▶ TASK DETAILS:
Shown below is a listing with pictures; reproduce exactly, and only, the lines between the ones containing "Растение Фаленопсис (орхидея)" and "Eutanasia per due", inclusive, leaving the pictures out.

▶ DATA:
=======

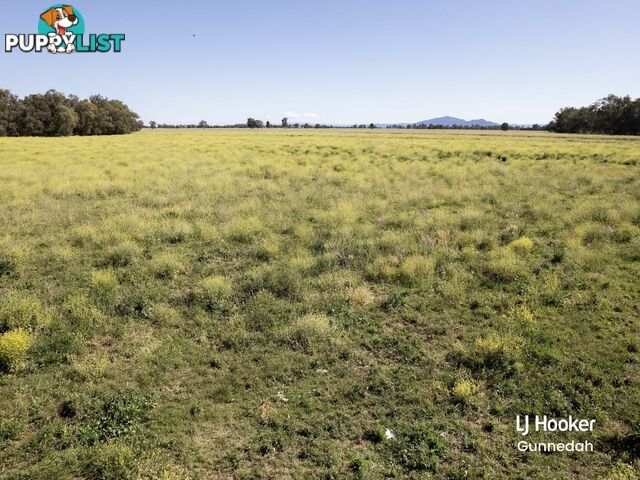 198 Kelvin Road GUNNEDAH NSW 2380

=======

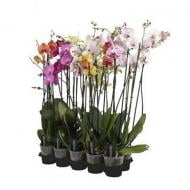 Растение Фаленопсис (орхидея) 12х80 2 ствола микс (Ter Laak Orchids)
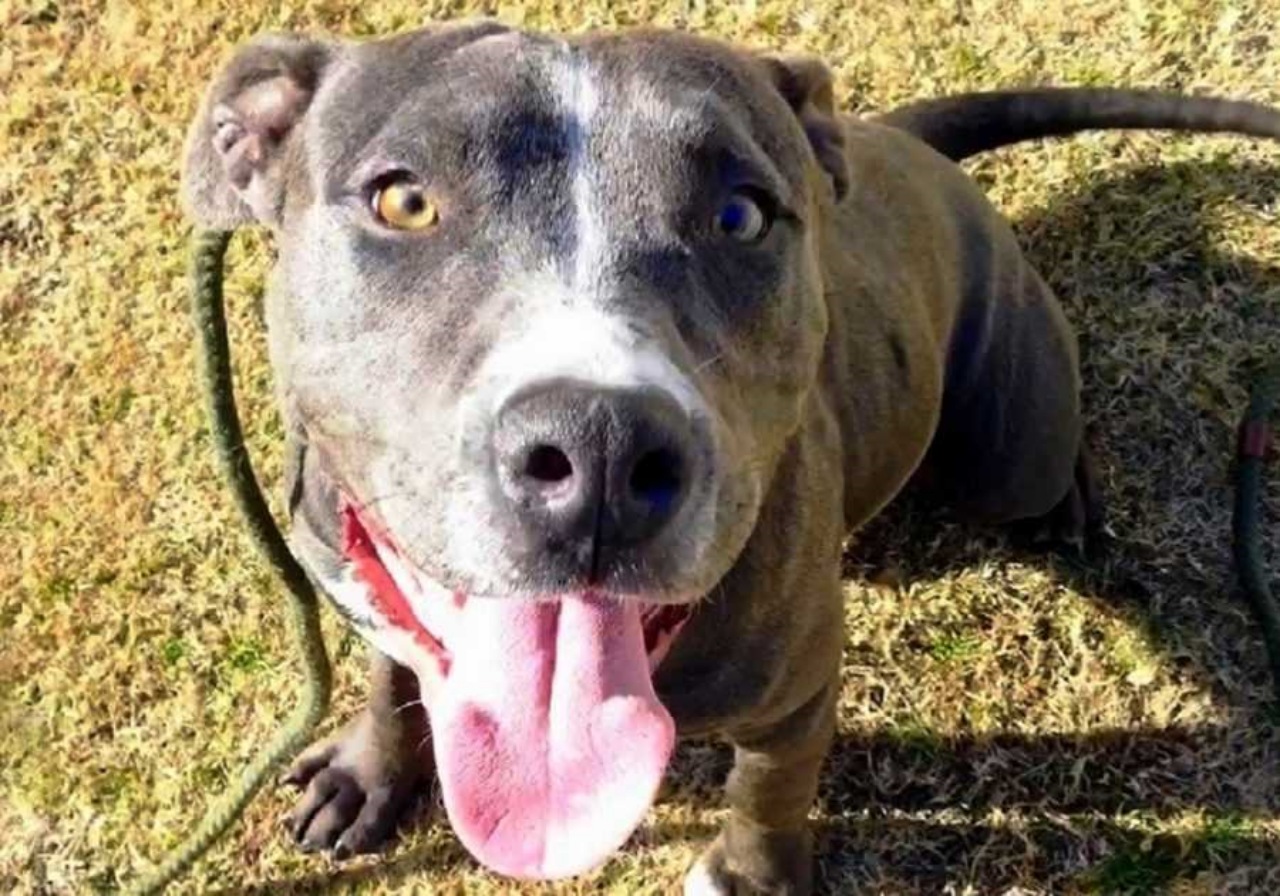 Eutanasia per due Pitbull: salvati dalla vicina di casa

=======

▶ ANSWER SPACE:
 Растение Фаленопсис (орхидея) 12х80 2 ствола микс (Ter Laak Orchids)
 Eutanasia per due Pitbull: salvati dalla vicina di casa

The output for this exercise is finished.